** WHAT IS NEEDED **
In the listing that follows, give every line again exactly and omit the pictures.

** INPUT DATA **
:::

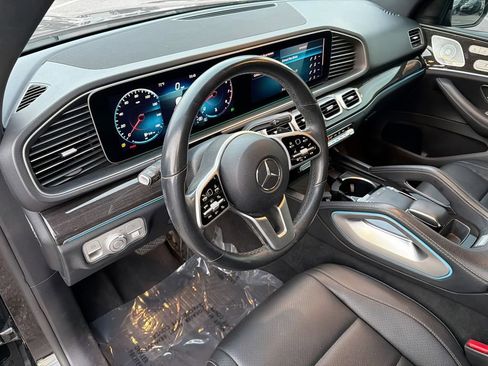 Used 2020 Mercedes-Benz GLE 350 GLE 350 w/ 3rd Row Seat Package image 26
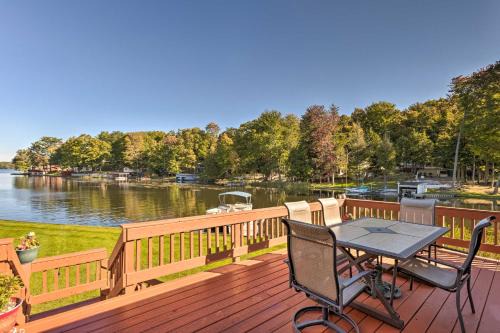 Ludington House | Lakefront Ludington Retreat w/Kayaks & Fire Pit!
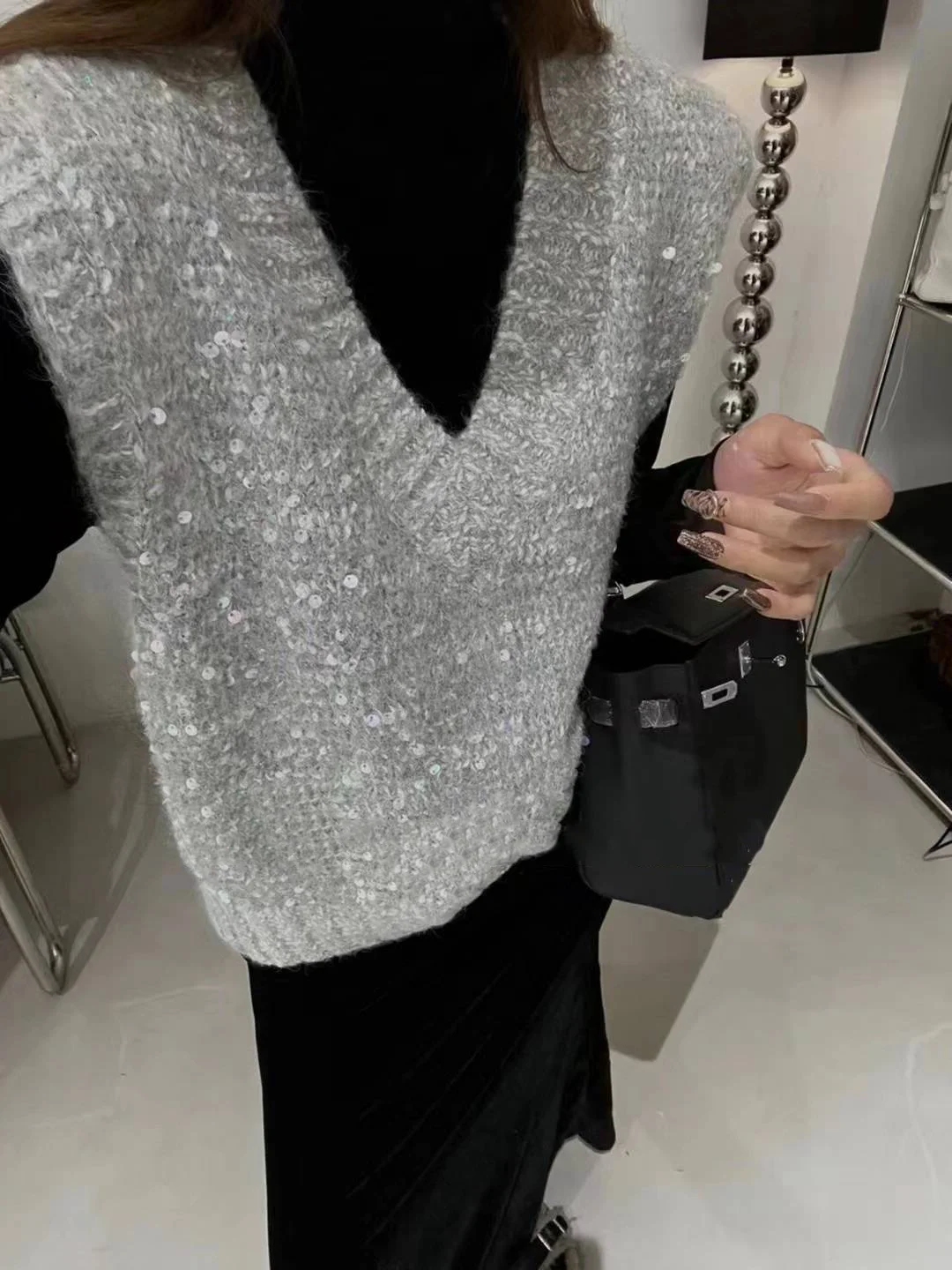 Spring and Autumn New Women\'s Lazy Style Knitted Shirt Vest Loose V-neck Sequined Sleeveless Top Sweater Top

:::

** FINISHED EXERCISE **
 Used 2020 Mercedes-Benz GLE 350 GLE 350 w/ 3rd Row Seat Package image 26
 Ludington House | Lakefront Ludington Retreat w/Kayaks & Fire Pit!
 Spring and Autumn New Women\'s Lazy Style Knitted Shirt Vest Loose V-neck Sequined Sleeveless Top Sweater Top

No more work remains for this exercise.